**Task brief:** For this exercise, return exactly the lines of the material below that begin at the one with "Nickende Distel Bluete" and stop after the one with "エリザベスカラーを装着して横になっている犬".

**Given data:**
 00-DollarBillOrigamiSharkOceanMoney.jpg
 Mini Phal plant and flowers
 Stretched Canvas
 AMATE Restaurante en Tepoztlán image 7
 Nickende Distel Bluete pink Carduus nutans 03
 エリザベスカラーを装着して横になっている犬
==
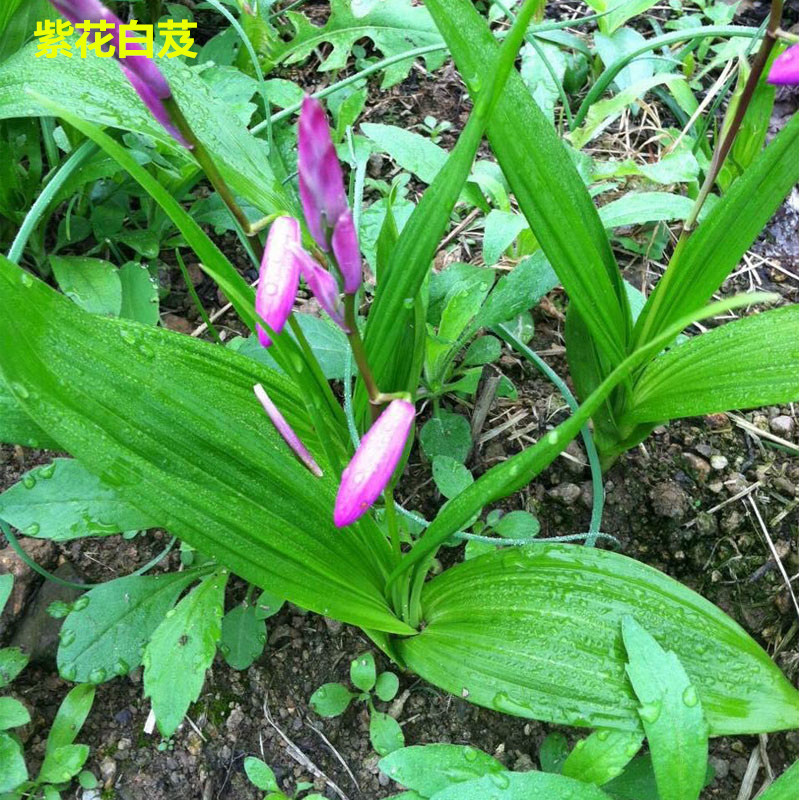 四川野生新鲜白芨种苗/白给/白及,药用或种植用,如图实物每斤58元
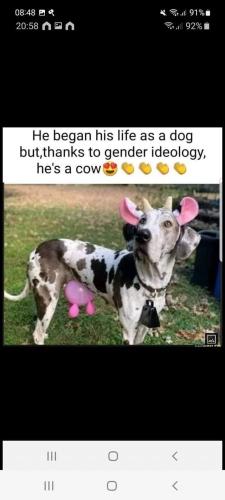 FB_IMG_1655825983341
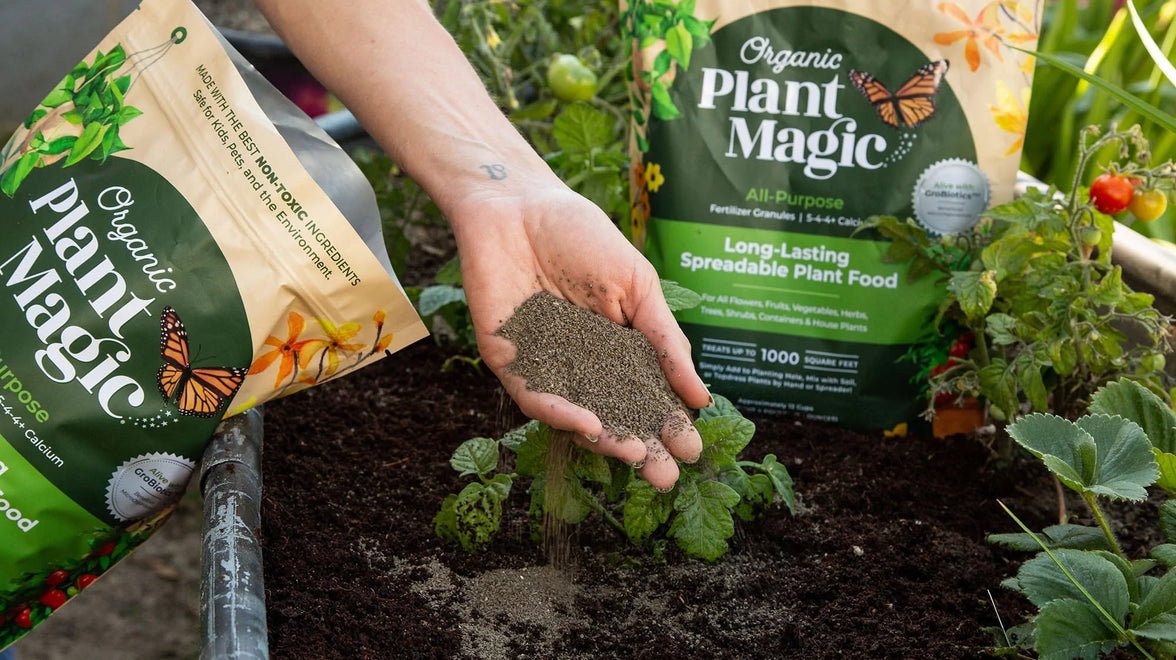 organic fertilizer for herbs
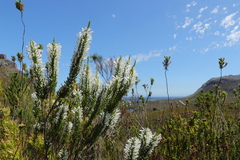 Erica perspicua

**Expected answer:**
 Nickende Distel Bluete pink Carduus nutans 03
 エリザベスカラーを装着して横になっている犬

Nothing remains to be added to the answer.